Image-text web data

======

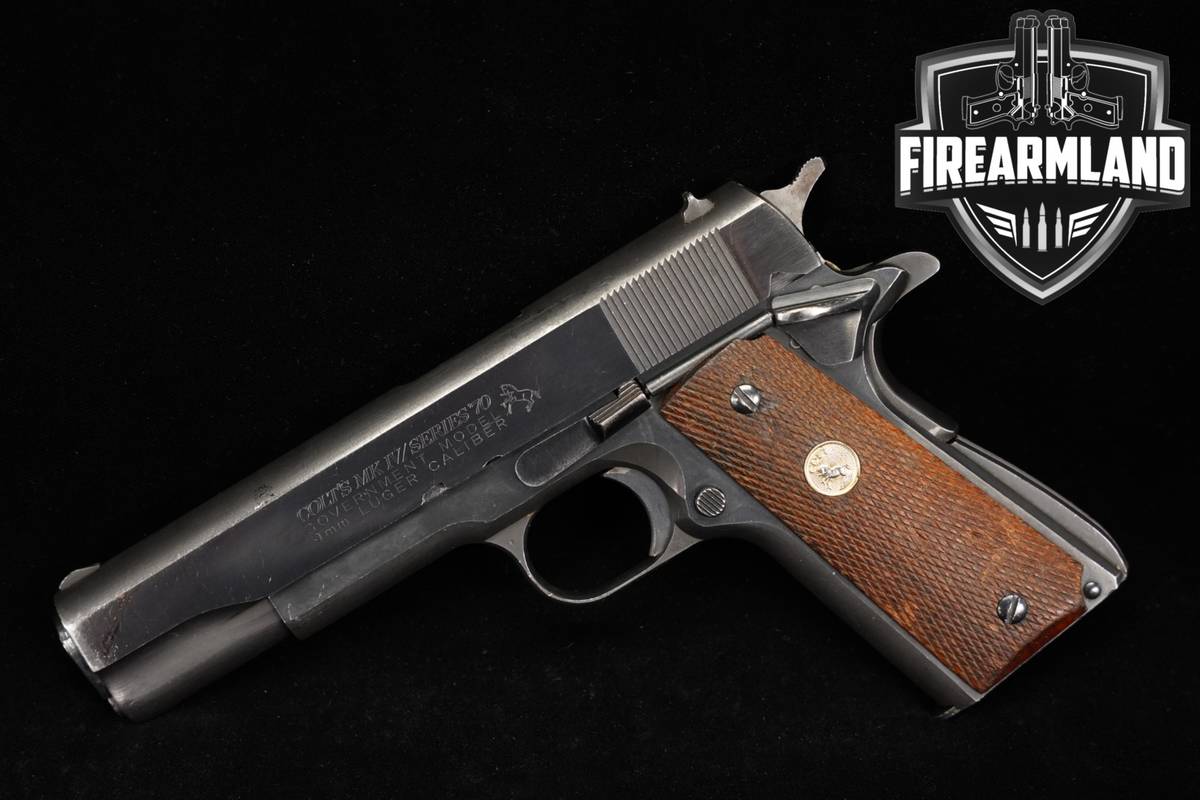 1982 Colt Government Model MK IV Series 70 9mm 1911 5 Blued Mark 4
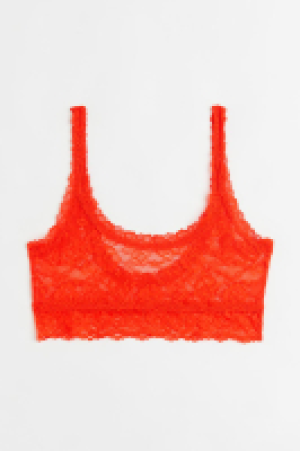 HM  Unwattiertes BH-Top aus Spitze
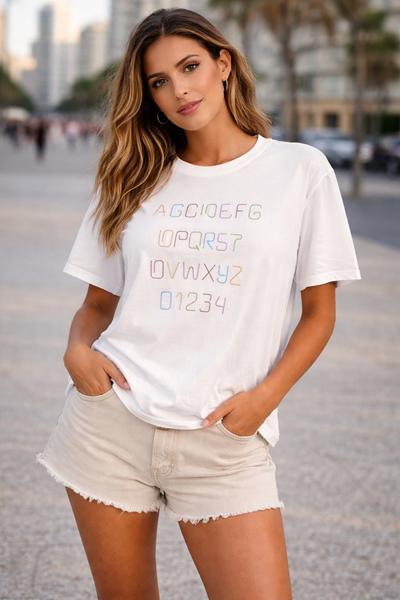 Футболка Style Nadezhda (one size) 8801 white (лето)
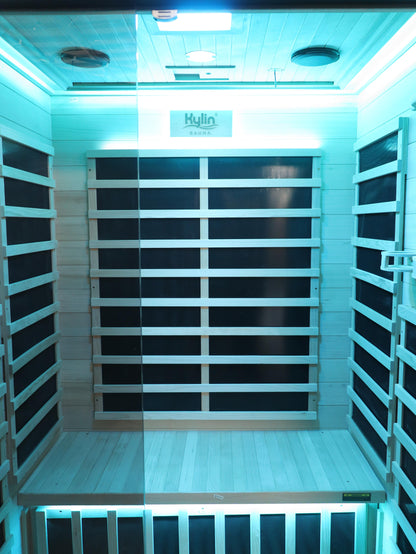 Kylin Carbon Infrared Sauna Room 2 Person Low EMF H6205 (Black)
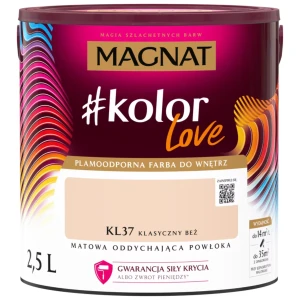 MAGNAT #kolorLove Farba lateksowa plamoodporna klasyczny beż KL37 2,5L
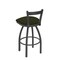 Holland Bar Stool Co 30" Low Back Swivel Bar Stool, Pewter Finish, Canter Pine Seat 82130PW010 - alternate 2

======

ACTIVITY —
Omit all pictures while transcribing the entries verbatim.

RESPONSE —
 1982 Colt Government Model MK IV Series 70 9mm 1911 5 Blued Mark 4
 HM  Unwattiertes BH-Top aus Spitze
 Футболка Style Nadezhda (one size) 8801 white (лето)
 Kylin Carbon Infrared Sauna Room 2 Person Low EMF H6205 (Black)
 MAGNAT #kolorLove Farba lateksowa plamoodporna klasyczny beż KL37 2,5L
 Holland Bar Stool Co 30" Low Back Swivel Bar Stool, Pewter Finish, Canter Pine Seat 82130PW010 - alternate 2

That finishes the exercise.